Ada Lovelace (1815-1852) is generally credited with being the first computer programmer: specifically, after Charles Babbage wrote down the plans for his Analytical Engine (which Britannica calls "a general-purpose, fully program-controlled, automatic mechanical digital computer"), Lovelace wrote down a set of instructions that would allow the machine to calculate the "numbers of Bernoulli" (for discussion, see here and here). Suw Charman-Anders gives an overview of the episode and some surrounding historical controversy in "Ada Lovelace: A Simple Solution to a Lengthy Controversy" (Patterns, October, 9, 2020, volume 1, issue 7).
The historical controversy is whether Lovelace really truly deserves credit for the program, or whether her contemporaries who gave her credit for doing so were just being chivalrous to a fault (and perhaps being generous to the only daughter of Lord Byron and his wife). For example:
In a letter to Michael Faraday in 1843, Babbage referred to her as “that Enchantress who has thrown her magical spell around the most abstract of Sciences and has grasped it with a force which few masculine intellects (in our own country at least) could have exerted over it”. Sophia De Morgan, who had tutored the young Lovelace, and Michael Faraday himself were both impressed with her understanding of Babbage’s Analytical Engine. Augustus De Morgan, Sophia’s husband and another of Lovelace’s tutors, described her as having the potential, had she been a man, to become “an original mathematical investigator, perhaps of first-rate eminence” ...
Apparently, some modern writers have pored over what remains of the imprecisely dated correspondence between Lovelace and her tutor Augustus de Morgan, and decided that Lovelace didn't know enough math to have written the program. (Personally, I shudder to think of what judgments would be reached about my own capabilities if I was judged by the questions I sometimes felt the need to ask!) But Charman-Anders makes a persuasive case that the whole controversy is based in a mis-dating of Lovelace's mathematical education in general and her correspondence with de Morgan in particular; that is, critics of Lovelace were mistakenly treating early questions she asked her tutor as if they were questions asked several years later.

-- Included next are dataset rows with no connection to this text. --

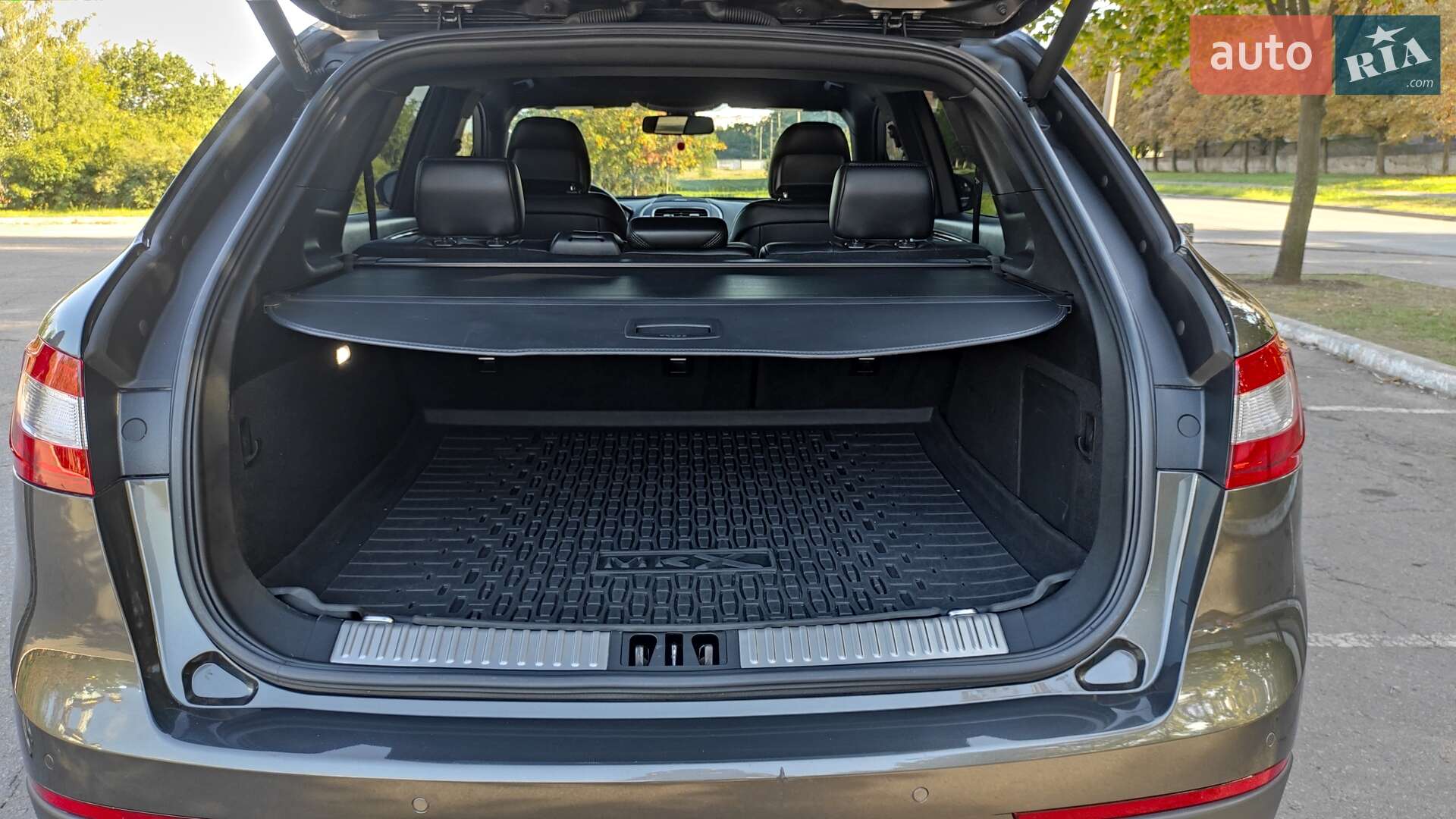 Lincoln MKX 2017 VIN 2LMPJ6LR6HBL49280 фото оголошення 28 з 37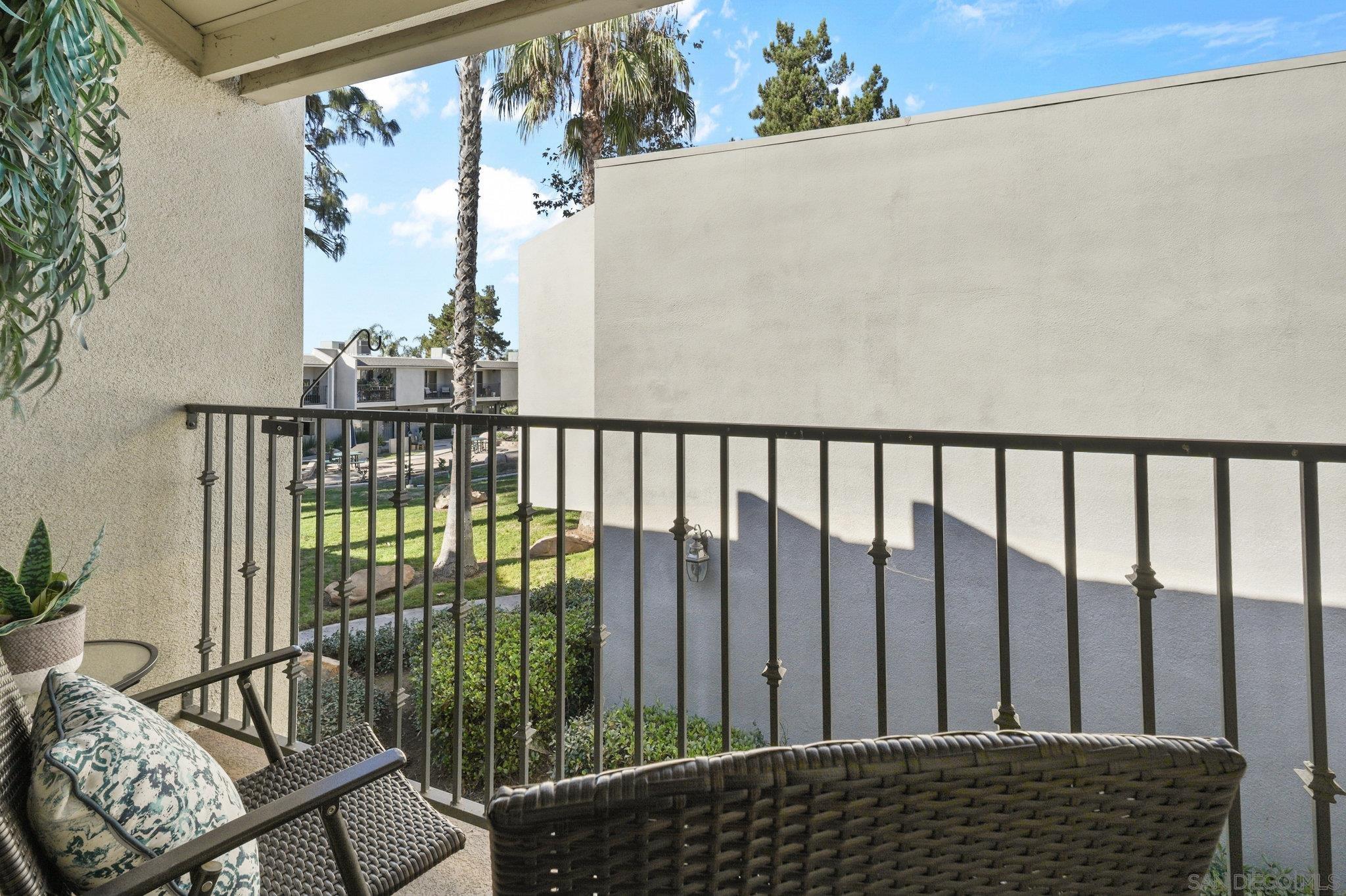Detail Gallery Image 7 of 29 For 1045  Peach Avenue  #38,  El Cajon,  CA 92021 - 2 Beds | 1/1 Baths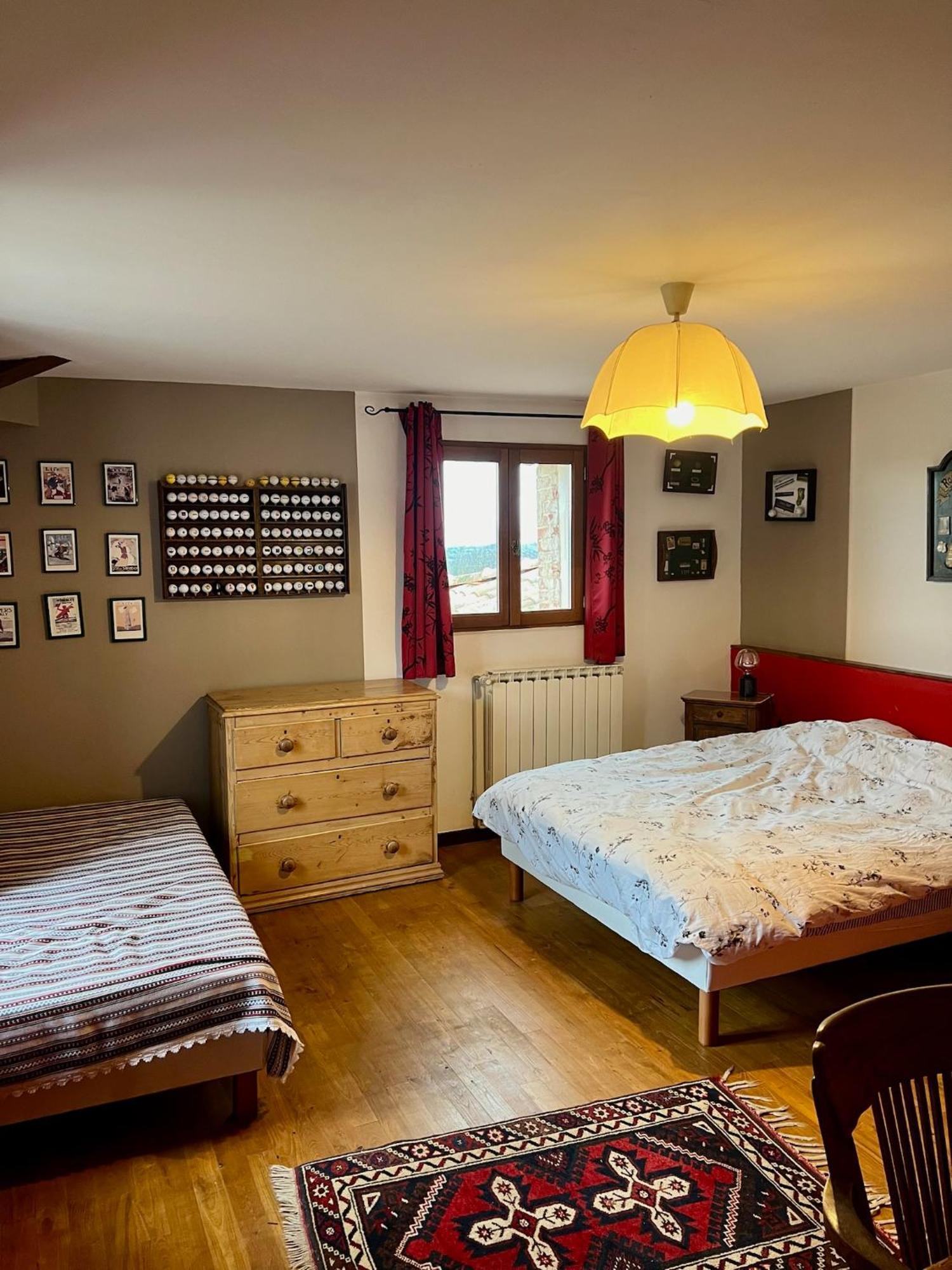 Les Garennes Hotel Saint-Uze Екстериор снимка
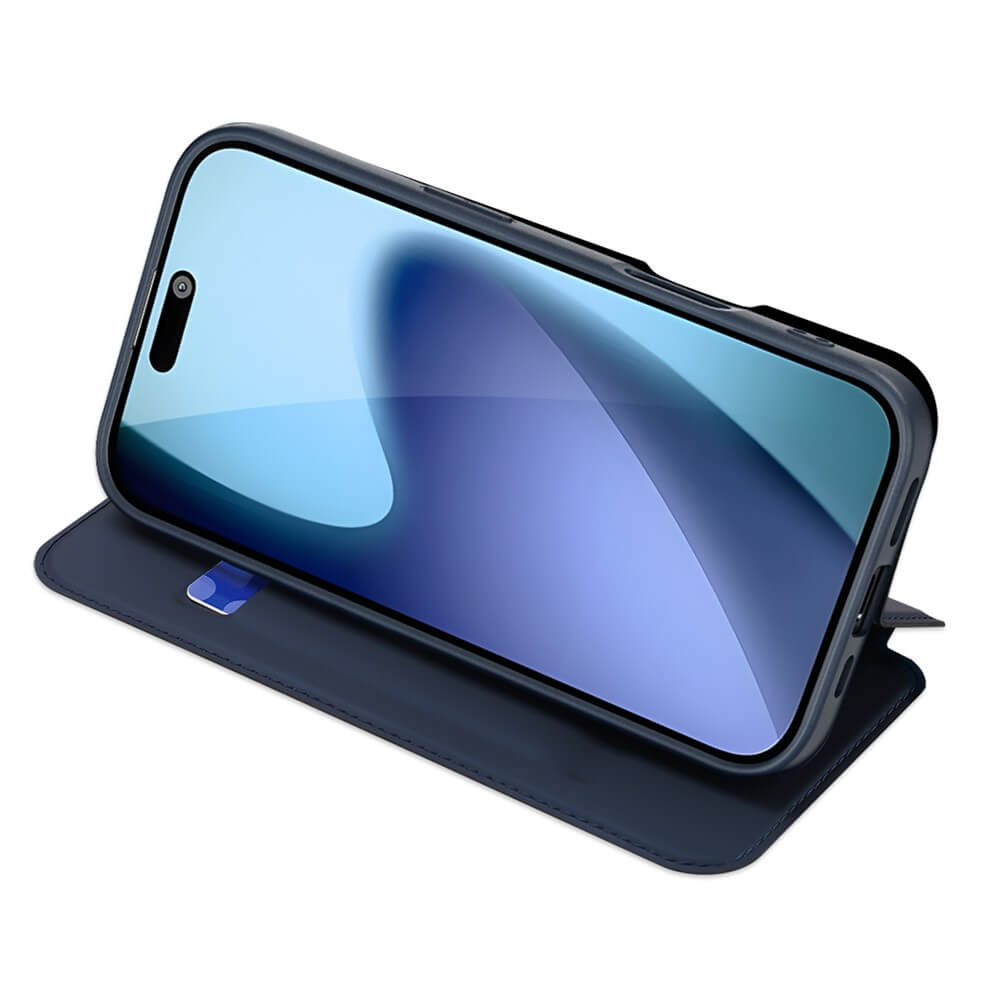 Ein iPhone 17 in einem blauen Dux Ducis Skin Pro Flip Case von Dux Ducis ist horizontal positioniert und zeigt ein praktisches Kartenfach im Inneren der Hülle.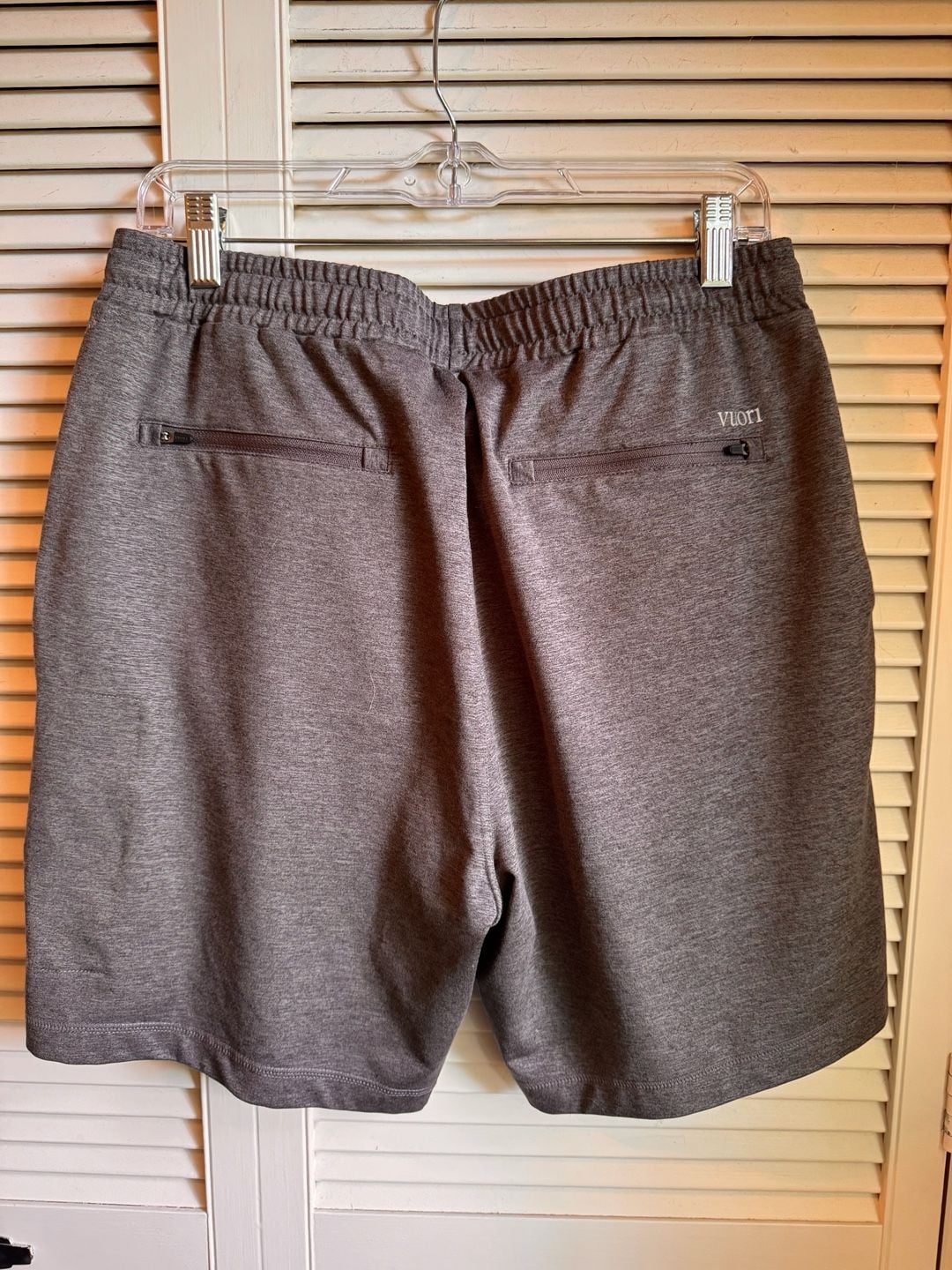 Vuori Sunday Performance Short Size L Gray Heather Athletic 3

For me, the more interesting point that Charman-Anders makes is to emphasize that writing a computer program was its own conceptual breakthough. There had long been mechanical computing machines, where you plugged in a problem and it spit out an answer. But the breakthrough from Lovelace was to see that the Babbage's Analytical Engine could be viewed a set of rules for working out new results; indeed, Lovelace hypothesized that such a machine could write music based on a set of rules. Charman-Anders writes (quotations in first paragraph from Lovelace's 1843 notes, footnotes omitted):
Although Lovelace was the first person to publish a computer program, that wasn’t her most impressive accomplishment. Babbage had written snippets of programs before, and while Lovelace’s was more elaborate and more complete, her true breakthrough was recognizing that any machine capable of manipulating numbers could also manipulate symbols. Thus, she realized, the Analytical Engine had the capacity to calculate results that had not “been worked out by human head and hands first,” separating it from the “mere calculating machines” that came before, such as Babbage’s earlier Difference Engine. Such a machine could, for example, create music of “any degree of complexity or extent”, if only it were possible to reduce the “science of harmony and of musical composition” to a set of rules and variables that could be programmed into the machine. ...
While calculating devices have a long history, the idea that a machine might be able create music or graphics was contrary to all experience and expectation. Lovelace and her peers would have been familiar with the artifice of the automaton, clockwork machines which looked and acted like humans or animals but were driven by complex arrangements of cams and levers. And indeed, Babbage is said to have owned one called the Silver Lady, which could “bow and put up her eyeglass at intervals, as if to passing acquaintances”. But the Analytical Engine would have been in a category all its own.
One of the biggest leaps the human mind can make is extrapolating from current capabilities to future possibilities. The “art of the possible”, as it has been called, is an essential skill for innovators and entrepreneurs, but envisioning an entirely new class of machine is something for which few people have the capacity. Babbage’s design for the Analytical Engine was astounding, but none of his peers seemed to truly grasp its meaning. None except Lovelace.